Please give back the listing below word for word, without the images.
Segment Open
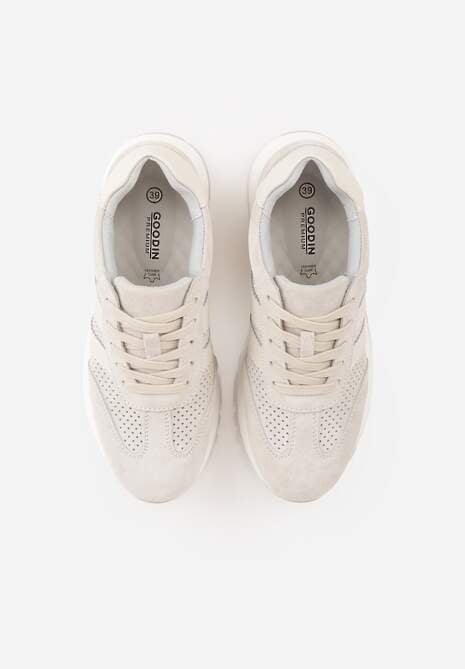 Jasnoszare Sneakersy z Zamszu Naturalnego z Ozdobnymi Paskami i Perforacją Ravinelle 6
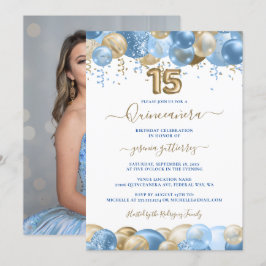Blauw Gouden Sparkle Foto Quinceañera Ballon Kaart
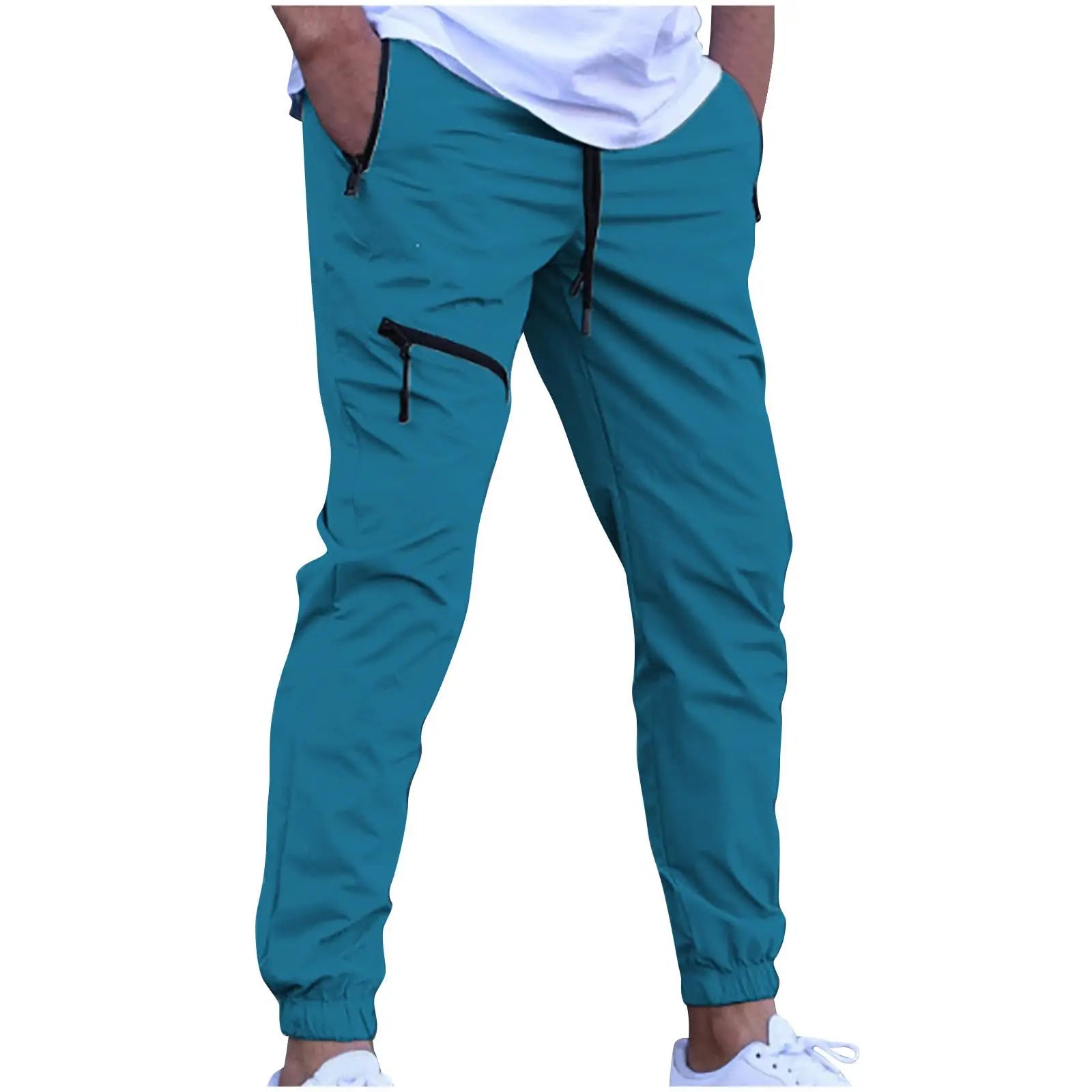 YHOPE Mens Cargo Work Pants Casual Stylish Twill Tapered Slim Fit Pants Athletic Chinos Work Trousers 80s Outfit Streetwear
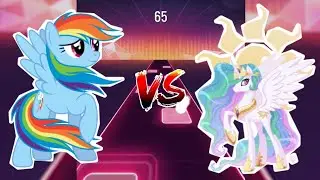 Rainbow Dash vs Princess Celestia - tiles hop EDM Rush! -Gameplay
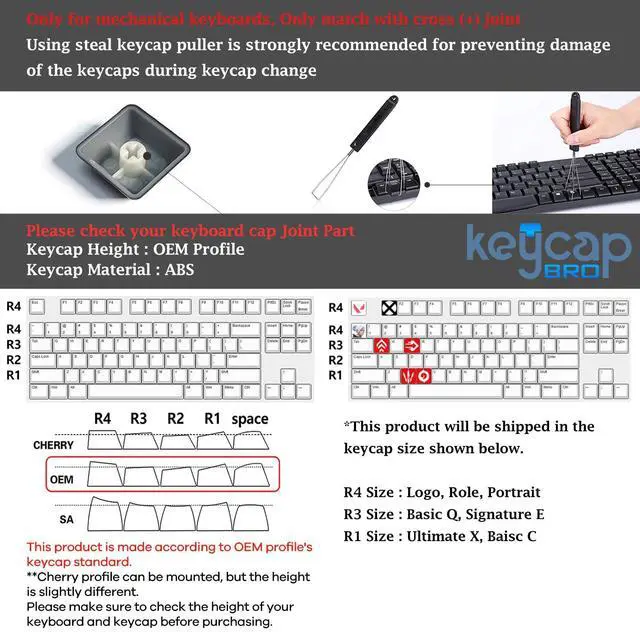 Alt view image 5 of 5 - Valorant Custom Keycaps (Agent Brimstone) - Laser Engraved with Each Valorant Agent's Portrait, Skills, and Position. Fit with Any Mechanical Keyboard. Valorant Gift for Gamers, Adults, and Teens.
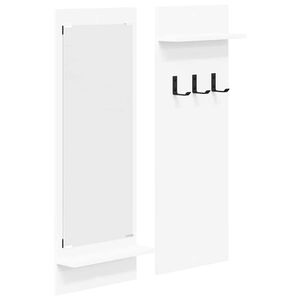 vidaXL Seinale kinnitatav riidepuu Valge 70 x 10 x 90 cm Tehispuit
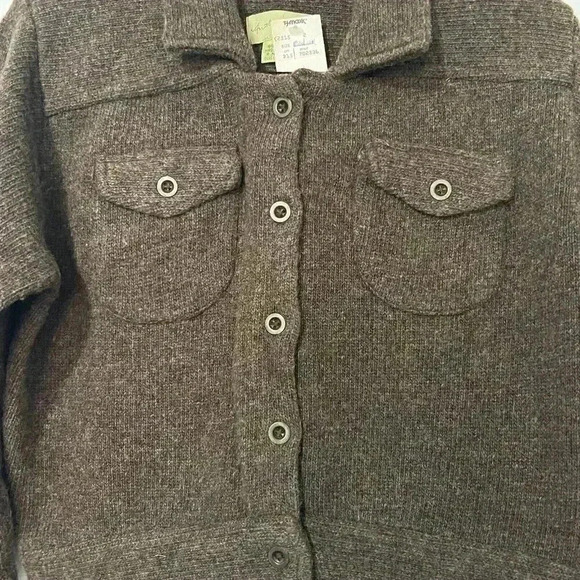 Anthropologie Jacket Women's Medium Brown Knit Wool NWT Cross Cropped Boho - Picture 2 of 6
Segment Closed
Answer space:
 Jasnoszare Sneakersy z Zamszu Naturalnego z Ozdobnymi Paskami i Perforacją Ravinelle 6
Blauw Gouden Sparkle Foto Quinceañera Ballon Kaart
 YHOPE Mens Cargo Work Pants Casual Stylish Twill Tapered Slim Fit Pants Athletic Chinos Work Trousers 80s Outfit Streetwear
 Rainbow Dash vs Princess Celestia - tiles hop EDM Rush! -Gameplay
 Alt view image 5 of 5 - Valorant Custom Keycaps (Agent Brimstone) - Laser Engraved with Each Valorant Agent's Portrait, Skills, and Position. Fit with Any Mechanical Keyboard. Valorant Gift for Gamers, Adults, and Teens.
 vidaXL Seinale kinnitatav riidepuu Valge 70 x 10 x 90 cm Tehispuit
 Anthropologie Jacket Women's Medium Brown Knit Wool NWT Cross Cropped Boho - Picture 2 of 6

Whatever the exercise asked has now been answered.